Task item
Give back exactly the stretch of data below from the line holding "ELEMENTOS Aktie 5-Tage-Chart" through the line holding "9 loại thức ăn chứa nhiều Vitamin C hơn cam", both ends included, and leave the remaining lines out.

Entries taken from a collection
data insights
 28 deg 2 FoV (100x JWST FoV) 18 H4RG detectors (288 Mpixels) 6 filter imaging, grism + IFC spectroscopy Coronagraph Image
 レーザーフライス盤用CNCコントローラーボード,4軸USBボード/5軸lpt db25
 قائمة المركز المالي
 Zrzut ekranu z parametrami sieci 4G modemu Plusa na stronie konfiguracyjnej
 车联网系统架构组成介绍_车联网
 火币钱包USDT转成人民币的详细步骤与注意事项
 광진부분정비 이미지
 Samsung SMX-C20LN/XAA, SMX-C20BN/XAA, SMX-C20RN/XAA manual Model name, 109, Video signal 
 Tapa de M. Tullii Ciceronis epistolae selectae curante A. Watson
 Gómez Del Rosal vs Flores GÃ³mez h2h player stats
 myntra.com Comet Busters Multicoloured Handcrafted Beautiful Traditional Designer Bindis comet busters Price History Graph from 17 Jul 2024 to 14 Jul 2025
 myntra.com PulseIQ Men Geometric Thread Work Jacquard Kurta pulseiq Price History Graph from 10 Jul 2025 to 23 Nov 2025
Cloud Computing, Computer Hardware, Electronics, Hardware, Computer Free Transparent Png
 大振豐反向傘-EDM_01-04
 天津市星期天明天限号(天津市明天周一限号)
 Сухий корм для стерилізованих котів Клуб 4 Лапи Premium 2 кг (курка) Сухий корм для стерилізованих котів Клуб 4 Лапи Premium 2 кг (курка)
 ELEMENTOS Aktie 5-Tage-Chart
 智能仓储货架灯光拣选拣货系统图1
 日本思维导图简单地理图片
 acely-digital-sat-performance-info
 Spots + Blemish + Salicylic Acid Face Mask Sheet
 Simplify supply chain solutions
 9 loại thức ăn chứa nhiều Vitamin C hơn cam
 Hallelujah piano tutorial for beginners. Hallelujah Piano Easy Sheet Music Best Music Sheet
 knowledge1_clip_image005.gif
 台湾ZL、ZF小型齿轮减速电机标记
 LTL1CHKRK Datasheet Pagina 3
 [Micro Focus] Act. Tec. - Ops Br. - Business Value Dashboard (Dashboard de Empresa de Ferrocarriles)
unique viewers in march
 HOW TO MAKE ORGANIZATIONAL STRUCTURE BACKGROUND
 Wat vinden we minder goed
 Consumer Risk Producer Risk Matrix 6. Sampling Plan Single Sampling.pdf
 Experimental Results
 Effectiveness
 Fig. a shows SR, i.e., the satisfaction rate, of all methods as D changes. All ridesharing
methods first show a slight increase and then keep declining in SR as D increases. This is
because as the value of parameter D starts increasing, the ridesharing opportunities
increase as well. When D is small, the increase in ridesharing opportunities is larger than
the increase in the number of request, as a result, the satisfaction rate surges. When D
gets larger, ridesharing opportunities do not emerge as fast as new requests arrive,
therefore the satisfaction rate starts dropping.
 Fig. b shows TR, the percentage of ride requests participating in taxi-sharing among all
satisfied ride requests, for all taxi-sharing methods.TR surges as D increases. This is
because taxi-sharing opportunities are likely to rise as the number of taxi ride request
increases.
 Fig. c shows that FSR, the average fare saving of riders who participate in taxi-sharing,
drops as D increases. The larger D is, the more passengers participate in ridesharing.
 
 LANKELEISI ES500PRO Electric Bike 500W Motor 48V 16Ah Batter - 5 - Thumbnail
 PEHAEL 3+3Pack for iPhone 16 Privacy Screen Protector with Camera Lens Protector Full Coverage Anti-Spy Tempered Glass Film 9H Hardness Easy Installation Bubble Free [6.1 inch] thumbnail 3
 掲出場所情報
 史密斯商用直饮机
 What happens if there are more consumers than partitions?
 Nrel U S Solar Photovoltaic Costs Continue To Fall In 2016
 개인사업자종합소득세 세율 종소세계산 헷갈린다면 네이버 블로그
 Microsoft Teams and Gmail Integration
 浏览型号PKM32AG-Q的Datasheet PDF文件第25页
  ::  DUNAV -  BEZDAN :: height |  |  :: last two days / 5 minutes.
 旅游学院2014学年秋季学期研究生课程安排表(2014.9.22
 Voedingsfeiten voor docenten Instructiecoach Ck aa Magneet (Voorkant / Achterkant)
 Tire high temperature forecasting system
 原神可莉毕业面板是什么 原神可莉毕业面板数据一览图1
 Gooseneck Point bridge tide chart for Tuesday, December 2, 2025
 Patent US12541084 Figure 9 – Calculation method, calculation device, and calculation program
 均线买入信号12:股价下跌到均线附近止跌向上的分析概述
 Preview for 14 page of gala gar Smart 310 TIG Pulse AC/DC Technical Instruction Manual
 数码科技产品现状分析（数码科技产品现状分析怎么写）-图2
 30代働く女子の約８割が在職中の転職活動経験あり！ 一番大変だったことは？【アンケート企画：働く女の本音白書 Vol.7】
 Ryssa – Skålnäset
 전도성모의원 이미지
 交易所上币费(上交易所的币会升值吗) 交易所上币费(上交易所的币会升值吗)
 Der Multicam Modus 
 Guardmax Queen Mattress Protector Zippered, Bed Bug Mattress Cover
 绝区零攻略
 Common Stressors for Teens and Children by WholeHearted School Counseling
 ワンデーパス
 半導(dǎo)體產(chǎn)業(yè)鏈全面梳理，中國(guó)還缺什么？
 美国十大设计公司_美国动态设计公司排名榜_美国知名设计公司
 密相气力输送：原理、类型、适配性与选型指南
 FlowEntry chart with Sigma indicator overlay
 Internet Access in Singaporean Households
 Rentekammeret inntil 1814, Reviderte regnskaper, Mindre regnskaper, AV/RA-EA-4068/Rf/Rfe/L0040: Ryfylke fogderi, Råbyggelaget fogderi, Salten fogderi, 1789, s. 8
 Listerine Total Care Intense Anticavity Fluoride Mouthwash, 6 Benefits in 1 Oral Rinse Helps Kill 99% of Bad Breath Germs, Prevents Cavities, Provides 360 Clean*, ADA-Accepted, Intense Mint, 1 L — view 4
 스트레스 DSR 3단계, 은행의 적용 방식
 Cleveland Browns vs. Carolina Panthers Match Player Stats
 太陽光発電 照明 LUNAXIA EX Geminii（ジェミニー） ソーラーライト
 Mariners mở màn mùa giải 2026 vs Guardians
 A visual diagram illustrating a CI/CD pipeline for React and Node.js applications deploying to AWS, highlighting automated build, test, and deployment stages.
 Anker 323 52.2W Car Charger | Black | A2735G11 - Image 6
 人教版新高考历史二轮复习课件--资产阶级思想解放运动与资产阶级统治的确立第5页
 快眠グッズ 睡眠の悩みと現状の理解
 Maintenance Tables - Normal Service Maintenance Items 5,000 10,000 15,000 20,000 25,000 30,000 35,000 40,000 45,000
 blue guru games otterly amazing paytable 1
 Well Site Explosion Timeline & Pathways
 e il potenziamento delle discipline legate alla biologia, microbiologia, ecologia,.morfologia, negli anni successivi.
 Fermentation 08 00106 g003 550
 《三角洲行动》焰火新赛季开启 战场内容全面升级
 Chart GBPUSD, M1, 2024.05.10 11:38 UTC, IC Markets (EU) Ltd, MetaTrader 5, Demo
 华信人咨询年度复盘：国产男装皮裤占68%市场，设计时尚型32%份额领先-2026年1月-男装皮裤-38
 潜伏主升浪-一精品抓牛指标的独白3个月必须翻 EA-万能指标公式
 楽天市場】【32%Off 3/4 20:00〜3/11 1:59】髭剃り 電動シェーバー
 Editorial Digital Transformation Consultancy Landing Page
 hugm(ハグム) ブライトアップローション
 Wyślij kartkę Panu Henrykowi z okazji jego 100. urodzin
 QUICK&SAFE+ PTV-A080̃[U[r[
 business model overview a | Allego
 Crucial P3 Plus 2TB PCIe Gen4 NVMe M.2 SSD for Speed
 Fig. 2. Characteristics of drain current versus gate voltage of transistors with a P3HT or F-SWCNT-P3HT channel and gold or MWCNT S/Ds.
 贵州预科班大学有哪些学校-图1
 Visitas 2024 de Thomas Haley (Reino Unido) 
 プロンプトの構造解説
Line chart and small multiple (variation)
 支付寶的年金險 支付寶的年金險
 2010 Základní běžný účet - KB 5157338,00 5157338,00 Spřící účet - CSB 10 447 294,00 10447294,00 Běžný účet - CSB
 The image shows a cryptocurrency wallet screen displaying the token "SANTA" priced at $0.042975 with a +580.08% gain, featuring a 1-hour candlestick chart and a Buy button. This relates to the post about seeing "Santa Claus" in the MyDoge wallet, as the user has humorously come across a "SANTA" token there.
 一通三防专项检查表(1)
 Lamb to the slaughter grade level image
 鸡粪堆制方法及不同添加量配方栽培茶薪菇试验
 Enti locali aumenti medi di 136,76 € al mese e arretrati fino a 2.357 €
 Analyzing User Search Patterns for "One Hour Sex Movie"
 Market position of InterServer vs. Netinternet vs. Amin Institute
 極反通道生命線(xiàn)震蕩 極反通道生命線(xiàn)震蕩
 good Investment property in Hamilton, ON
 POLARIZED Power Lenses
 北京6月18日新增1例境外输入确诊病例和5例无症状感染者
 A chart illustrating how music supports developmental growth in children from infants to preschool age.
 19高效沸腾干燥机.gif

Result of the exercise
 ELEMENTOS Aktie 5-Tage-Chart
 智能仓储货架灯光拣选拣货系统图1
 日本思维导图简单地理图片
 acely-digital-sat-performance-info
 Spots + Blemish + Salicylic Acid Face Mask Sheet
 Simplify supply chain solutions
 9 loại thức ăn chứa nhiều Vitamin C hơn cam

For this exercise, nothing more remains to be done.